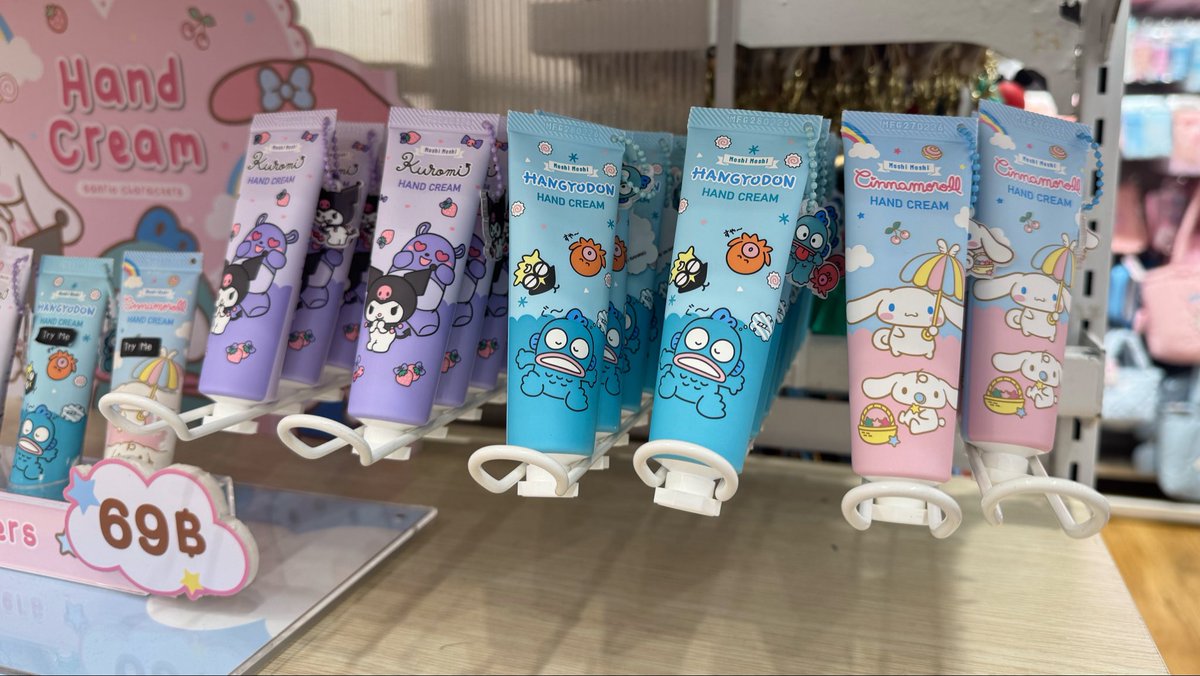 blesstothedaisy's tweet photo. แฮนด์ครีม moshimoshi sanrio 

 หิ้วชิ้นละ 5฿  | ส่ง35/50

#รับหิ้ว #รับหิ้วdaiso #รับหิ้วmoshimoshi #รับหิ้วsanrio https://t.co/QMM5ZxkAMO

========

▶ [Exercise requirements]:
Each line above should be printed again exactly, though the pictures should not be.

▶ [Reply]:
 blesstothedaisy's tweet photo. แฮนด์ครีม moshimoshi sanrio 

 หิ้วชิ้นละ 5฿  | ส่ง35/50

#รับหิ้ว #รับหิ้วdaiso #รับหิ้วmoshimoshi #รับหิ้วsanrio https://t.co/QMM5ZxkAMO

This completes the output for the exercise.